%%
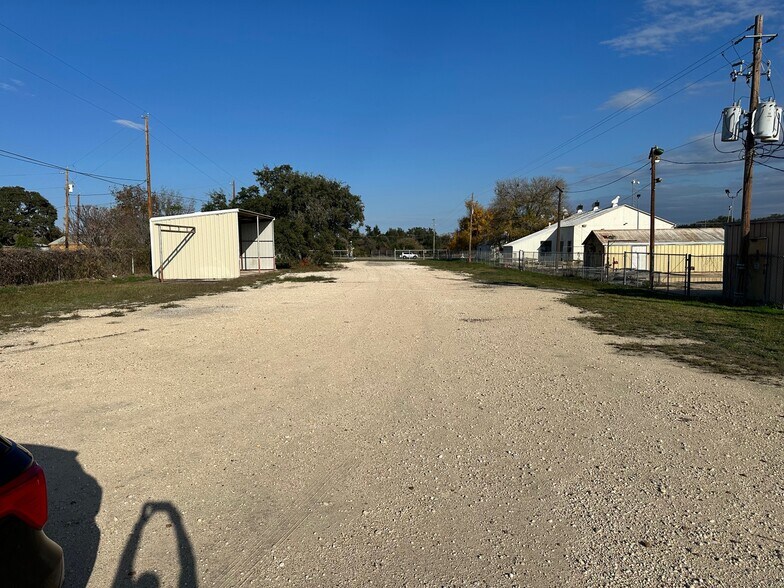 More Photos Of 1209-1211 Bensdale Rd, Pleasanton Unknown For Lease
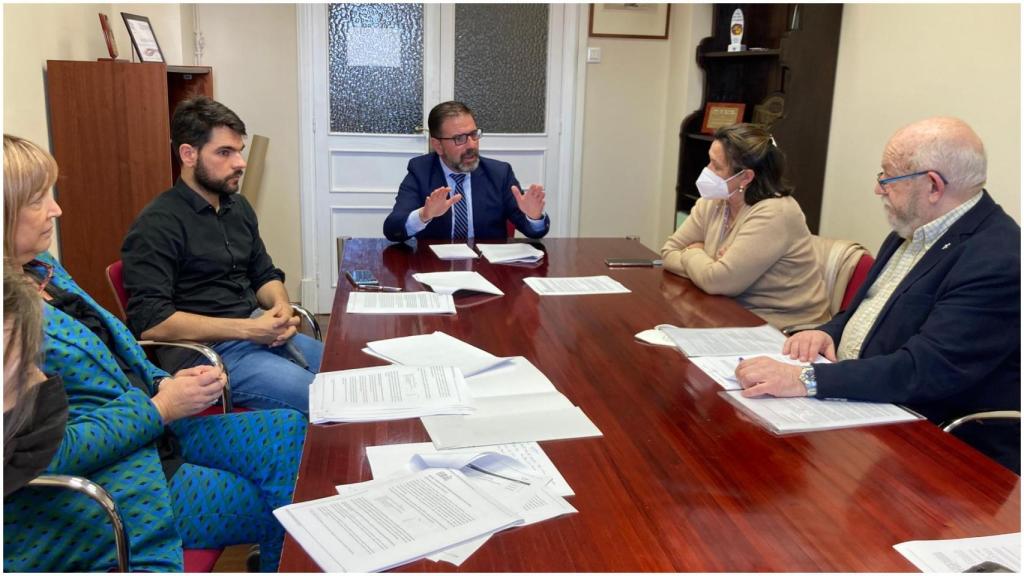 Reunión con representantes vecinales.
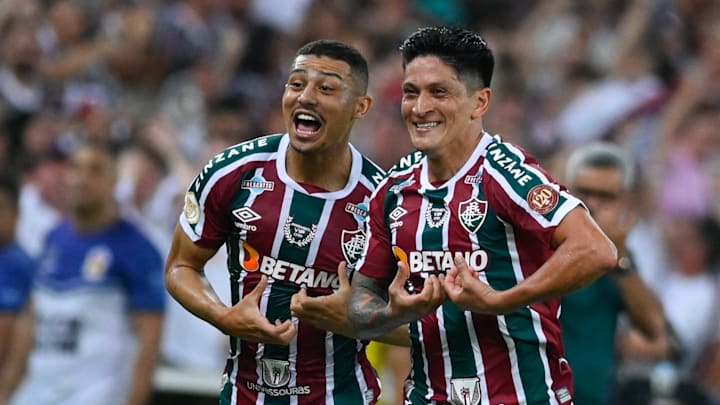 Cano marcou gol e deu assistência em vitória do Fluminense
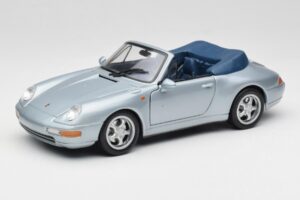 Porsche 911 993 Carrera Kabrió Ezüst Maisto 1:18 100299-M1 Fém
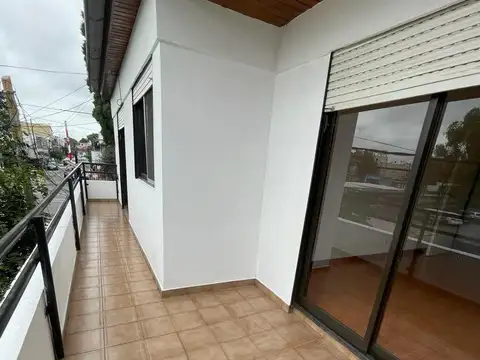 ALQUILER DEPARTAMENTO DE 3 AMBIENTES EN CARAPACHAY CENTRO COMERCIAL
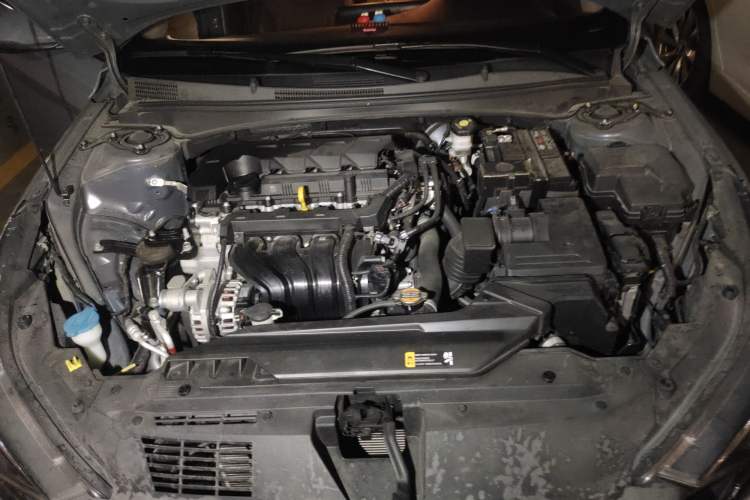 Used Hyundai Elantra 2021 1.5L CVT LUX Prestige Edition Engine Bay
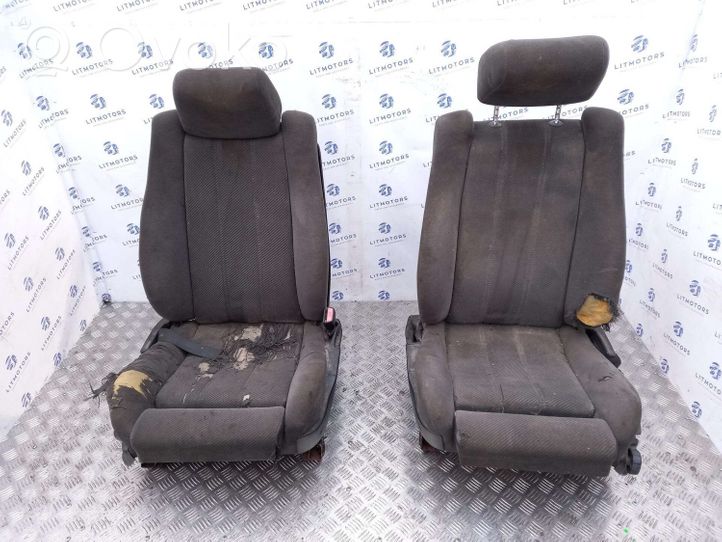 BMW 5 E34 Juego del asiento 52108110195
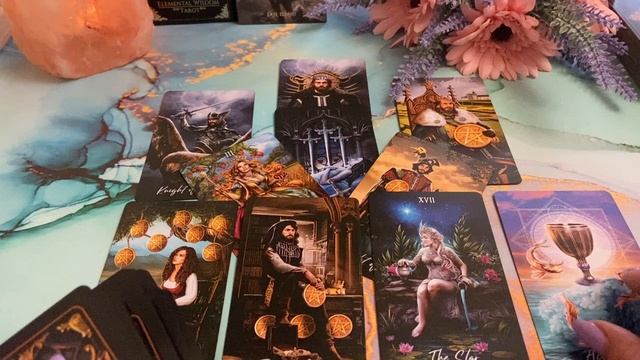 Почему он избегает встречи🧐🌶️🍓Таро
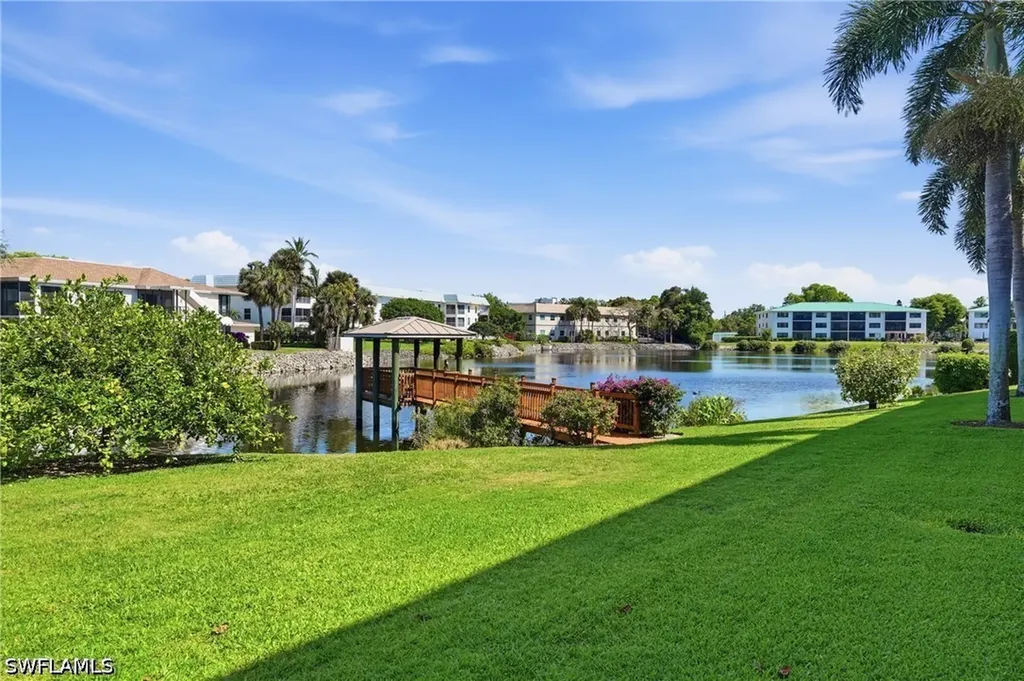 3150 Binnacle Drive Naples FL 34103
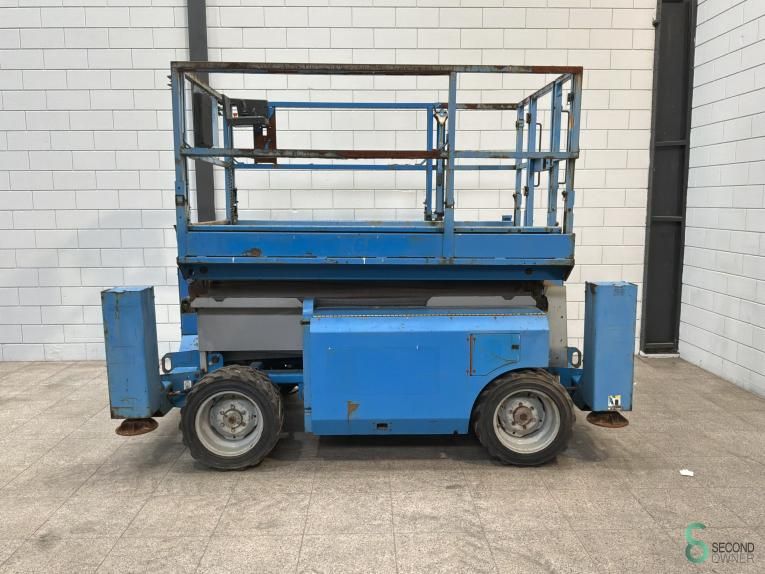 Scherenarbeitsbühne Genie GS-3268 2007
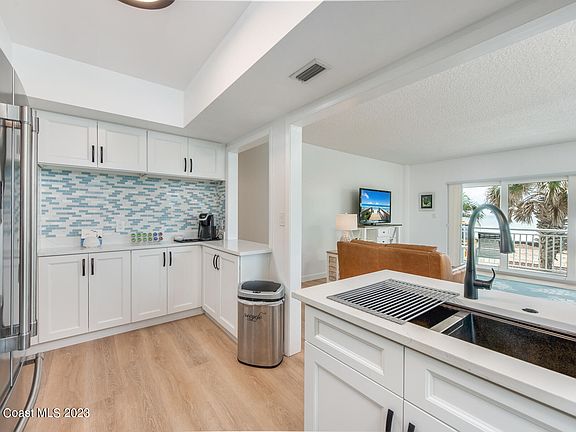 3rd image of 205 Highway A1a APT 203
%%
• _DESCRIPTION OF THE TASK_:
Once the line with "Porsche 911 993" is found, output it and every line after it through the end of the listing, exactly, without pictures.

• _ANSWER SECTION_:
 Porsche 911 993 Carrera Kabrió Ezüst Maisto 1:18 100299-M1 Fém
 ALQUILER DEPARTAMENTO DE 3 AMBIENTES EN CARAPACHAY CENTRO COMERCIAL
 Used Hyundai Elantra 2021 1.5L CVT LUX Prestige Edition Engine Bay
 BMW 5 E34 Juego del asiento 52108110195
 Почему он избегает встречи🧐🌶️🍓Таро
 3150 Binnacle Drive Naples FL 34103
 Scherenarbeitsbühne Genie GS-3268 2007
 3rd image of 205 Highway A1a APT 203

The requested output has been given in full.